[PROVIDED RECORDS]
※

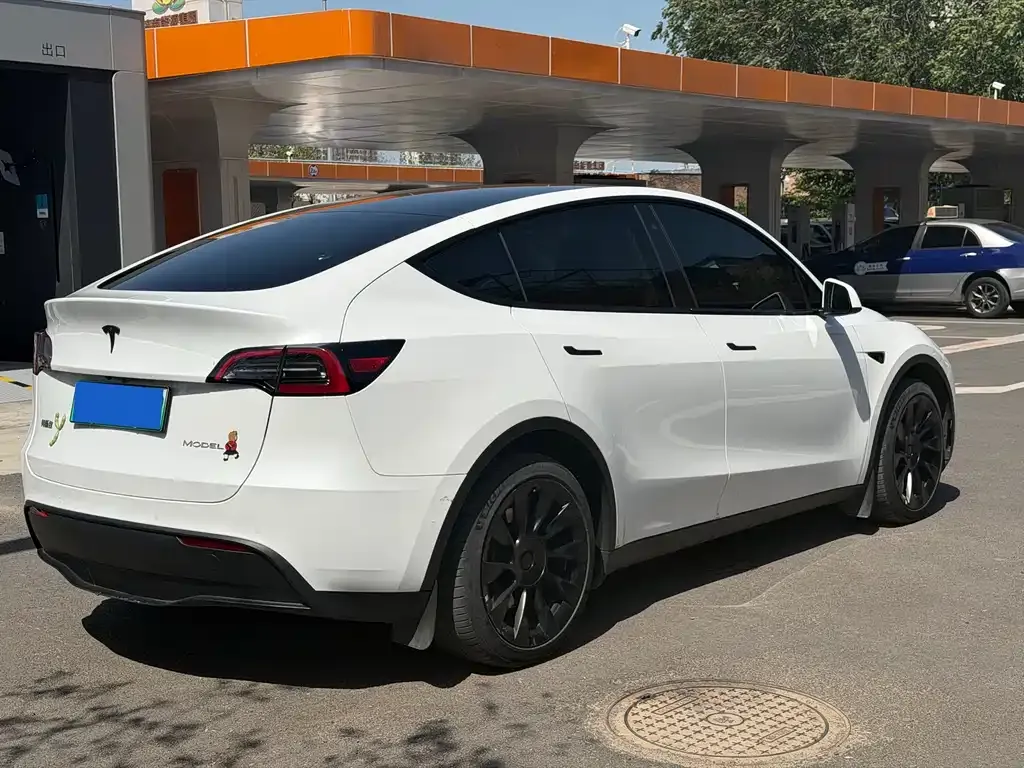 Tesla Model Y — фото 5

※

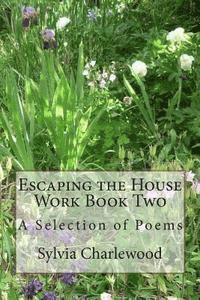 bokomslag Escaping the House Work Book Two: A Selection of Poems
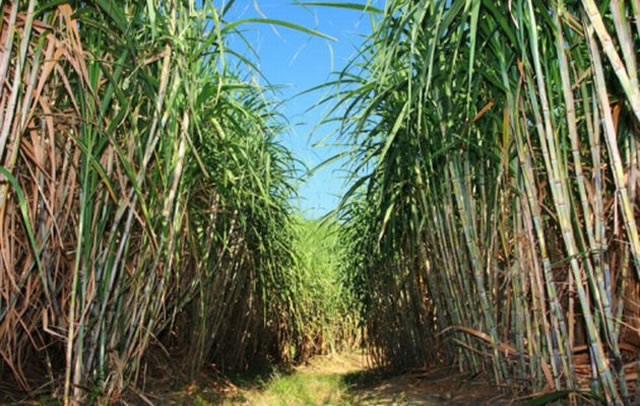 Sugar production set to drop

※

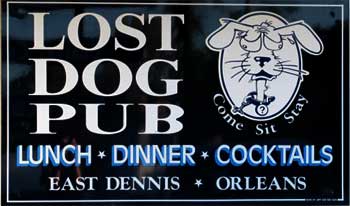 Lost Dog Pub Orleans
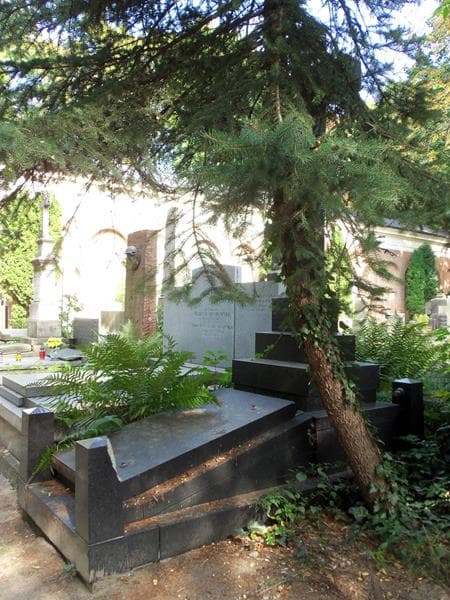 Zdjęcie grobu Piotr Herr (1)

※

The lines above starting at the one that holds "bokomslag Escaping the" and ending at the one that holds "Sugar production set to drop" are to be written out exactly, ends included, and no pictures are to be copied.

[TASK SOLUTION]
 bokomslag Escaping the House Work Book Two: A Selection of Poems
 Sugar production set to drop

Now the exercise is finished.